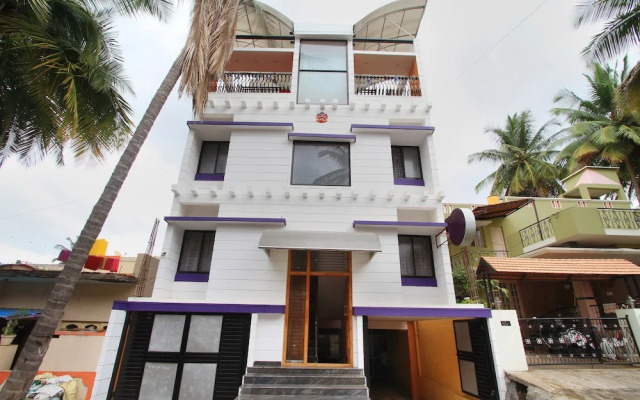 Resside Serviced Apartments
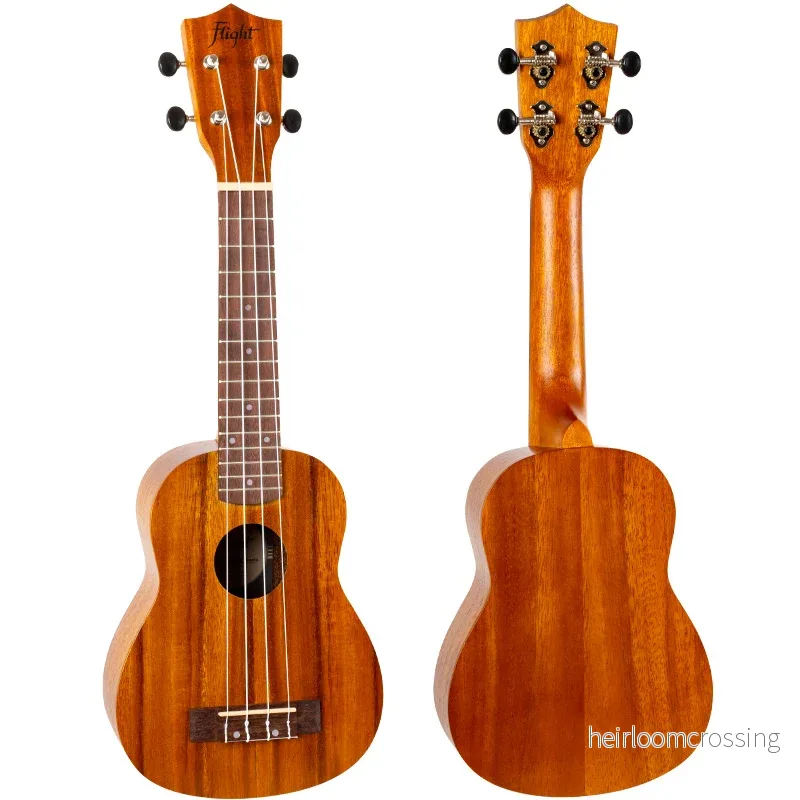 NUS250 Acacia – Sopranukulele - Bild 2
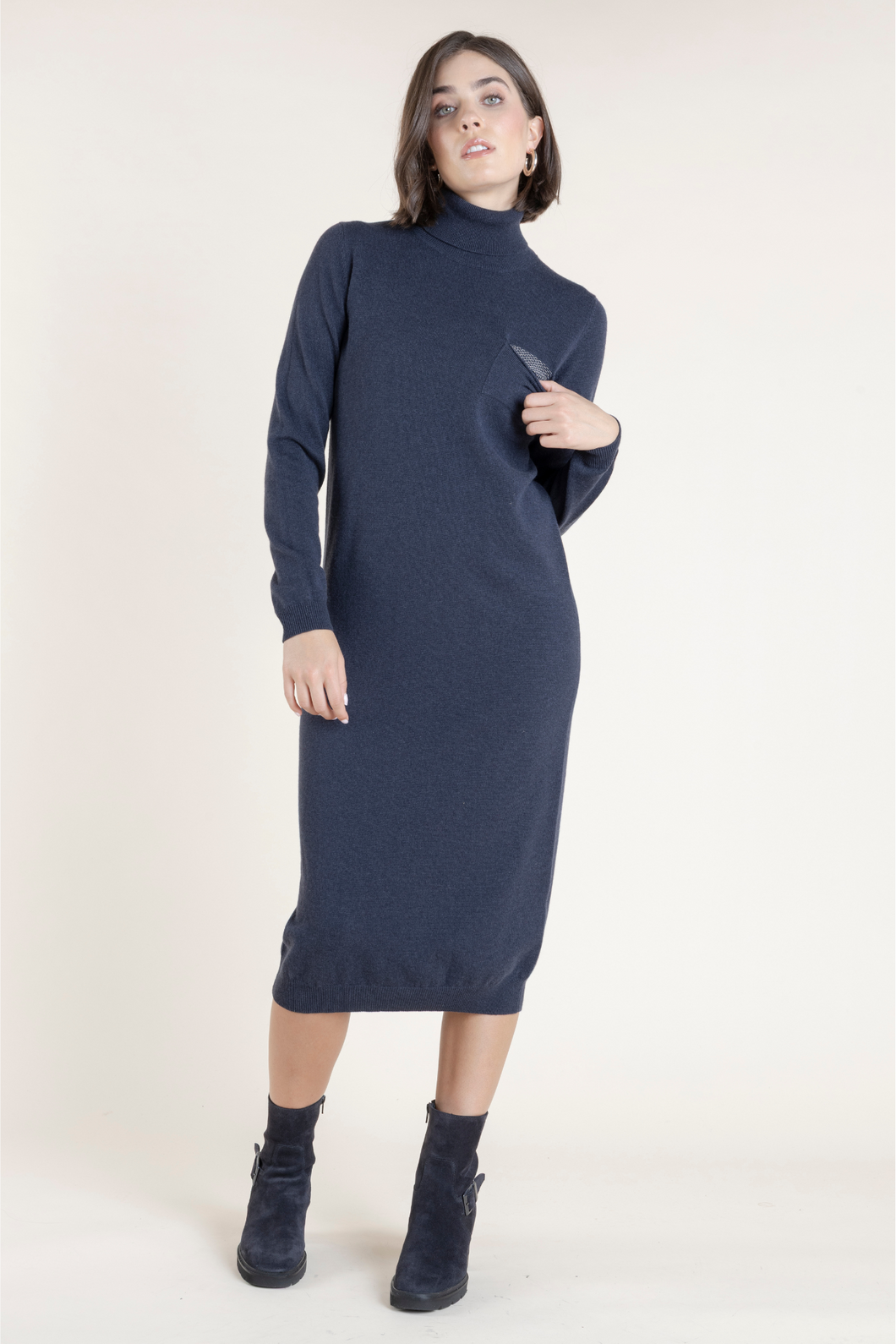 TONEZZA DRESS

• • • •

## Work instruction
Exactly those lines that run from the line holding "NUS250 Acacia – Sopranukulele - Bild 2" to the end of the listing above, both included, are to be reproduced, with pictures left out.

## Solved problem
 NUS250 Acacia – Sopranukulele - Bild 2
 TONEZZA DRESS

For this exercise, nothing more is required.